I am now in R with my wife, but when I was going through the process of D, my wife created a new FB account. I got upset and my youngest son (age 27) told me, "Dad, stop looking at what mom is doing, all it is doing is upsetting me and you". I did stop. When my wife repented and came clean I snooped big time to verify what she told me, to look at her accounts that she willingly gave me, etc. I still look from time to time but not as often.

If I was going through D I would recommend just ending it. THe sooner you do this the better. In D, you really need to work on detachment and moving forward from the relationship. Ask yourself, why do I feel compelled to snoop? If the relationship is ending and you are pursuing D, end the snooping. 

I could give you some insight why you feel the urge. He is the father of your children and you are still co-parenting.
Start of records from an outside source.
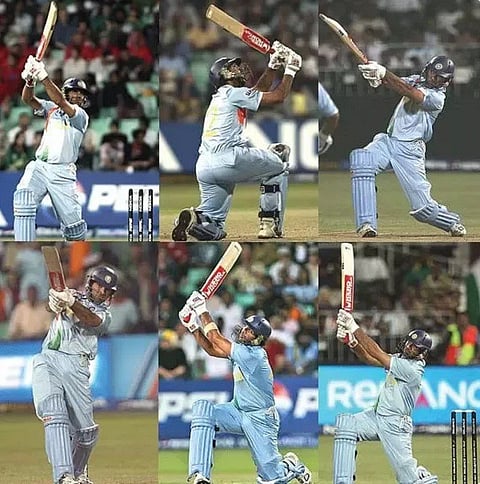 yuvraj singh sixes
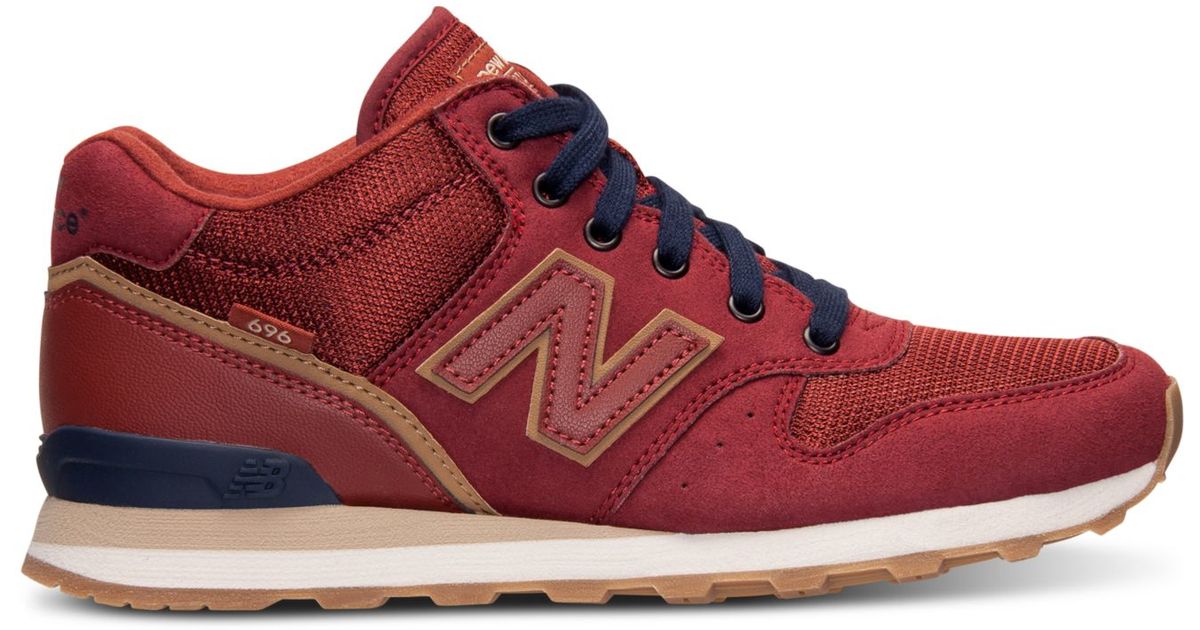 new balance 696 burgundy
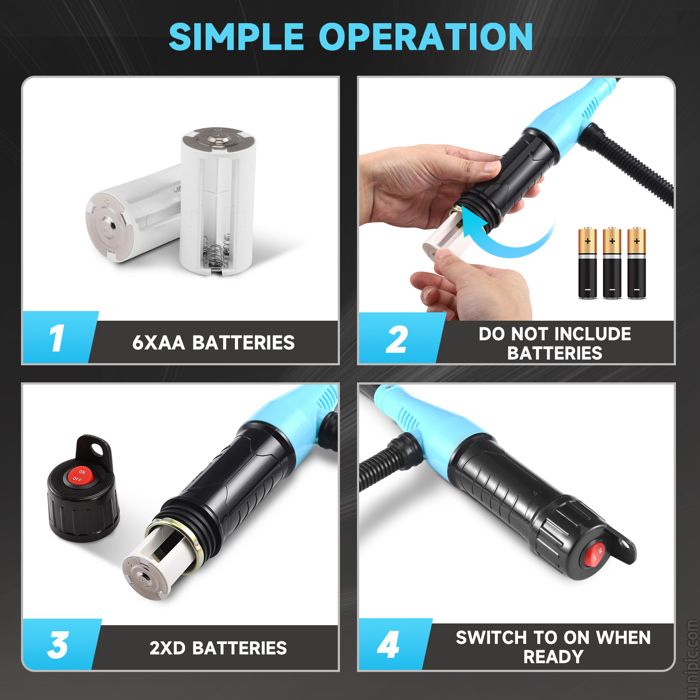 Pompe à Huile Électrique Portable - Transfert Essence, Diesel, Eau - Alimentée Par Piles - Pour Voiture Et Bateau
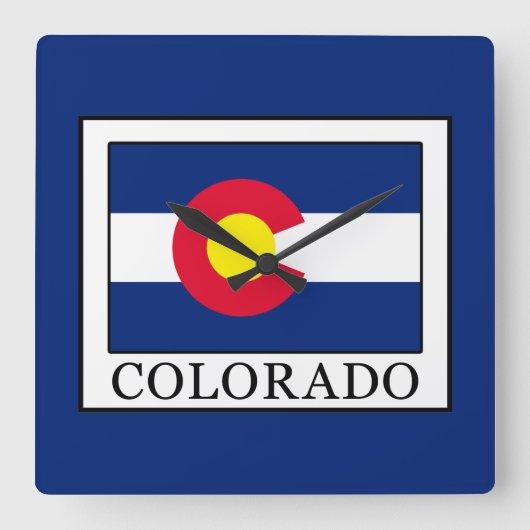 Colorado Vierkante Klok (Voorkant)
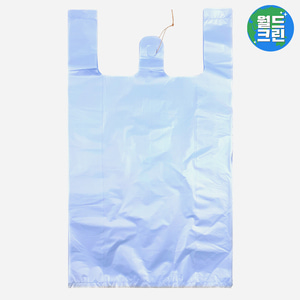 월드크린 50L 손잡이 이불봉투 100장 쓰레기 리필 대형 재활용 분리수거 봉지 옷 비닐 봉투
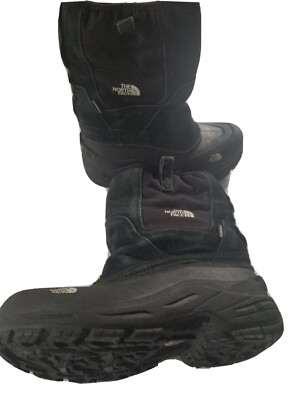 The North Face Black Lace-Up Heat Seeker 200 Gram Snow Boots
He was your husband and you had a relationship with him. You still have feelings for him. You would like answers, etc. etc.

None of you are nuts, you have been severely damaged and hurt. If you are going to D, my suggestion is to let it go, detach and move on. If you feel you need answers then the desire to snoop will be very strong and maybe, just maybe you will stumble upon something that will give you an answer, but in most cases if the WS has not given you the answers you need or want, I sincerely doubt you will ever get them. 

I have said this in other posts, why let this guy rent space in your head when you are going to D him? Move on. Work on co-parenting, schedules, etc for your own sake.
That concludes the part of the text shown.